Poems
War poems
War poems record the effects of the many wars Australians have fought in during the twentieth century, a period when one war followed another. A number of earlier war poets write about the significance of the ANZAC campaign at Gallipoli during World War 1. Roderic Quinn’s Poems (1920) includes the tributes ‘The Soul of the Anzac’ and ‘The Twenty-Fifth of April’. Writing around the same time, John Le Gay Brereton also acknowledged the achievement of the Anzacs in his poem ‘ANZAC’, even though he was himself as a pacifist as is shown in his poem ‘War’. Later poets who have written about the significance of Anzac Day include John Forbes in ‘Anzac Day’ and Tom Shapcott in ‘Anzac Park’, where he recalls an Anzac Day ceremony he attended as a child. Shapcott has also written about his father’s experiences as a soldier during World War 1 in his poem ‘War’. In contrast, Bruce Beaver’s ‘R.M.R. War 1916’ deals with the experiences of the German poet Rilke during World War 1. Chris Wallace-Crabbe’s ‘Other People’ wonders who want war, as he recounts the death of four of his uncles during World War 1.
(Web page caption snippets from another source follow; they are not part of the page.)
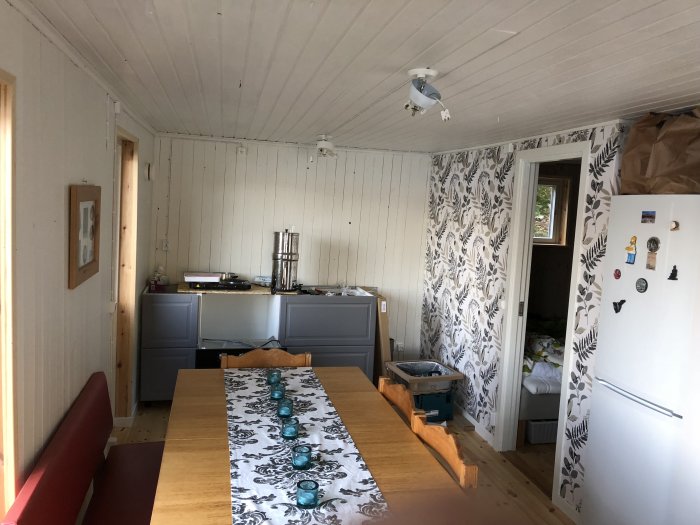 Interiör av ett kök under renovering med vita väggar, tapet, och en ännu ej komplett köksinredning.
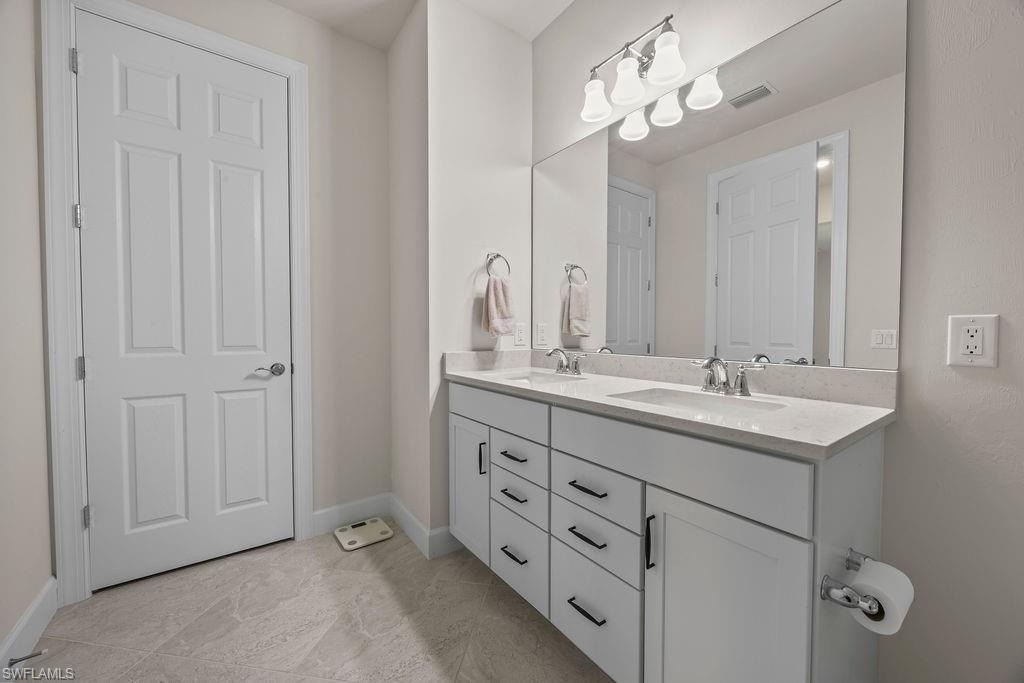 5931 Mayflower Way Ave Maria, FL 34142 - Photo 15 of 34 a bathroom with double sink and a mirror
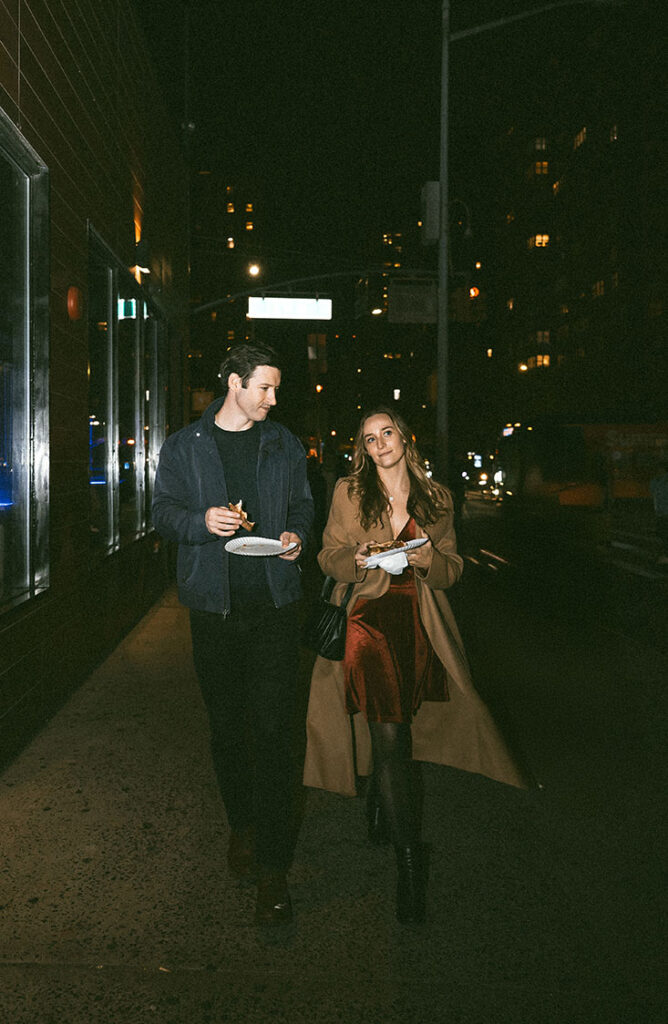 Cinematic engagement photos of a couple walking through New York City at night with neon lights and urban atmosphere.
Douglas Stewart’s ‘Sonnets to the Unknown Soldier’ were published in 1941 during the height of World War 2. It begins ‘We thought we had buried war with unknown soldier’. Other Australian poets recall the impact of World War 2 during their childhood. For Margaret Scott, in ‘Peace and War’, it was a childhood in England threatened by invasion. Those who grew up in Australia recall the joy after the defeat of Japan, as does Katherine Gallagher in her ‘The Last War’ and Geoff Page in ‘The End of the Pacific War’. An older poet, Geoffrey Dutton thinks back over his own wartime experiences in ‘A Wreath for Anzac’, as he is about to take part in an Anzac Day march. Andrew Sant’s ‘War Veteran’ is a Vietnam war poem.
Two examples of short war poems are Richard Tipping’s ironic ‘War’ and A D Hope’s ‘Inscription for a War’, both of which are strongly anti-war in sentiment.